And maybe in September, the seasons changed.

On Friday morning, the snows returned, pushing down summer's grasses. Releasing the seeds of next year's fields. The Scrub Oaks faded from green to brown and surrendered their leaves into the fields.

A Sharp-shinned Hawk, new to the area, discovered the neighbor's chickens and came to rest. Waiting for the chickens to make a mistake. To step out into the open, so that he might pounce down on them above.

In the evening, the clouds moved in, delivering thick monsoon rains of summer, so that no one might think we lived in a desert any more. But the rains went against the climate change models, so no one talked about the rains. Only the mountains that had once been brown by summers end were as green as May fields now. And no one talked of it. And no one spoke of it. Only we grew to love the green jungle mountains now. And if the eastern face of the Rockies grew as green as the western face, no one spoke of it.

Somehwhere overhead, the airplanes wandered across broad skies.

A dove coos softly from the neighbor's new roof.

It's so easy to see what's here. So hard to notice what's not here. The way the trees disappeared when I crossed Atigun's Pass, but I failed to notice. You look out and see only arctic tundra, but I never noticed that the trees had gone. I missed that somehow.

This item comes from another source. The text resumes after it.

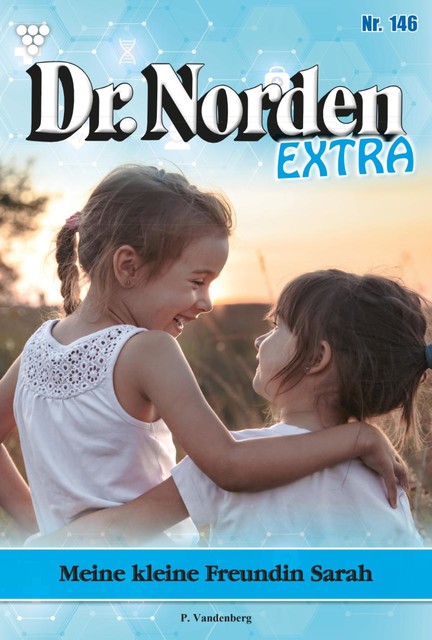 Dr. Norden Extra 146 – Arztroman, Patricia Vandenberg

What's not here now is the lazy hammers of summer. They've all been put away. Packed away for the winter. And the hummingbirds. The hummingbirds have gone now. They were here last week but not I notice that they've flown south for the winter. It's so hard to sit here and notice what's missing. But somehow I feel obligated. Challenged to note what's gone.

The Dandelions are all gone. They've all spent their seeds up on the winds.

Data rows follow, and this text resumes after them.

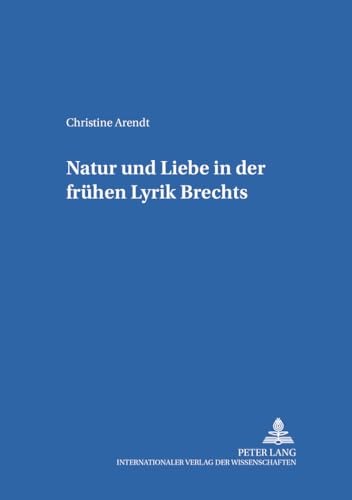 Natur und Liebe in der frühen Lyrik Brechts. - Arendt, Christine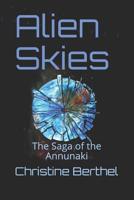 Alien Skies: The Saga of the the Annunaki 1794095128 Book Cover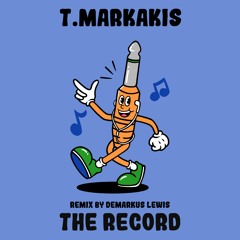 PREMIERE: T.Markakis - The Record (Demarkus Lewis Remix)[Monophony]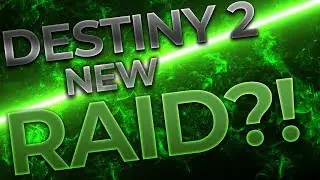NEW DESTINY 2 RAID?! | Season of Opulence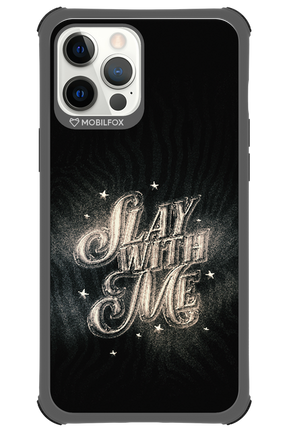 Slay with Me - Apple iPhone 12 Pro Max
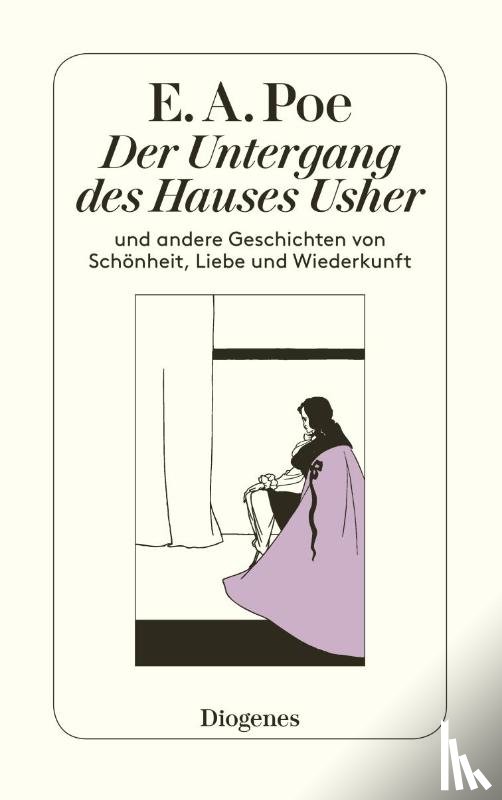 Poe, Edgar Allan - Der Untergang des Hauses Usher und andere Geschichten von Schönheit, Liebe und Wiederkunft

The spots on the deer have nearly faded away.

Chick-a-dee-dee-dee they call, hammering from the feeders. Beneath the feeders, the skunks move in to eat the seeds. Something startles the skunks, and they spray the front of my house. So I trap the skunks. But nothing is worse than having a live skunk in a live animal trap. I want to just let them die slowly, but Bud won't have it. I have to shoot them. It's the right thing to do.

It's funny to think how we all have our own ideas about right and wrong. I don't approve of all of the animals he shoots, and vice versa. Everyone has their own little set of principles, of right and wrong. What to let live, and what to let die.

And beneath the dense jungled desert grasses, the cats pounced on mice, birds, and grasshoppers.

Anything they caught was hurried inside and released so that it might be caught again, and again. Live an old soldier, reliving the victories of his youth.

Everything lives in fear of the cats, except the foxes and the skunks. They seem content to coexist. The cats go nose-to-nose with the skunks and the foxes, but no one wants to take it any further, really.

And maybe, the dogs bark off in the distance. And the Mountain Chickadees split seeds from the feeder on the branches of the Mountain Lilac.

An imposter flies down onto the fence, calling like a crow, but unconvincingly so. It's not a crow. It's a Stellar's Jay imitating a crow, for reasons only he might imagine. He imitates many birds...a Red-tailed Hawk and a Crow are just a few of the birds I've heard him imitate. But only he's not so convincing to me. I know when it's him. He's not fooling me.

Everyone grows up and then drifts away, like dandelion seeds on the wind. Leaving behind these old, furrowed fields. Plowed too deep and too long. Wasting away beneath short summer suns, but no new people come into the mountains. Only the people seem to age, but never die, like the methusula trees that paint the tree lines onto the mountains.

Everyone fades and cracks. Shuffling aimlessly, frail and brittle through empty houses wondering where the sun has gone. Where the birds have flown. When they'll return. And what's it all for, anyway?